J'éprouve également quelques regrets. La crise qui a secoué nos territoires, malgré l'apparence de calme retrouvé, pèse toujours lourdement sur le fragile équilibre de la paix sociale dans les outre-mer. Or ce texte n'apporte pas de réponse concrète aux principales revendications. Ainsi refuse-t-on toujours la régulation impérative des prix des produits de première nécessité, qui figure pourtant parmi les principales revendications des collectifs. Nos économies n'ont jamais connu, et ne connaîtront probablement jamais, une situation de concurrence pure et parfaite, en raison de nombreux facteurs naturels, et je doute fort que les signes de bonne volonté sur les prix des produits de première nécessité, arrachés par la pression de la rue, perdurent très longtemps. À mon sens, la régulation était impérative : je déplore donc cette occasion manquée.

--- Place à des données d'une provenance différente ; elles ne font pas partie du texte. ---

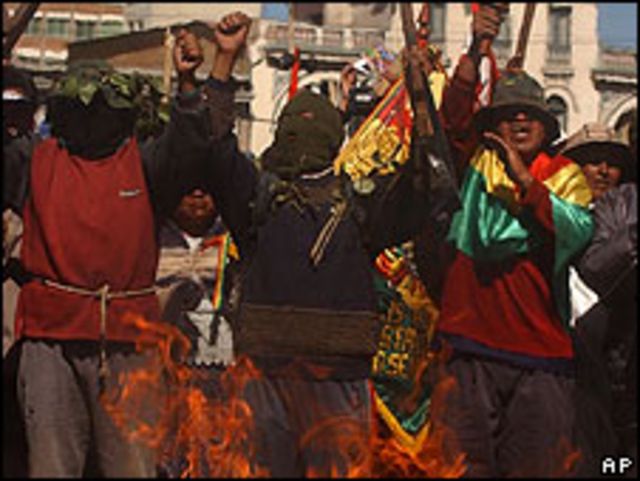 Manifestantes bolivianos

Le volet social est le grand absent de ce texte, alors même que les attentes et la détresse sociale n'ont jamais été aussi fortes. On nous promet que le second volet législatif – dont on ne connaît bien évidemment pas le calendrier – apportera les réponses tant attendues par les populations grâce notamment aux conclusions des états généraux. Je l'espère vivement, monsieur le secrétaire d'État, mais permettez-moi, là aussi, de nourrir de sérieux doutes, tant est laborieux le démarrage de ces états généraux, qui sont d'ailleurs déjà contestés par les collectifs. Je crains par ailleurs que ces travaux ne fassent fausse route en se focalisant sur les questions institutionnelles, car les attentes premières des populations portent beaucoup plus sur la formation et l'insertion professionnelle, la place des jeunes dans le marché du travail, l'avenir de la santé, de l'éducation, l'évolution du pouvoir d'achat, la capacité à trouver un logement.

Face aux enjeux en présence, les parlementaires de l'opposition ont pris toutes leurs responsabilités dans les débats relatifs à la LODEOM. Désormais, il incombe au Gouvernement de prendre les siennes pour une présentation aussi rapide que possible de ce second projet de loi qui, je l'espère vivement, apportera des réponses concrètes aux préoccupations quotidiennes de nos populations. (Applaudissements sur les bancs du groupe SRC.)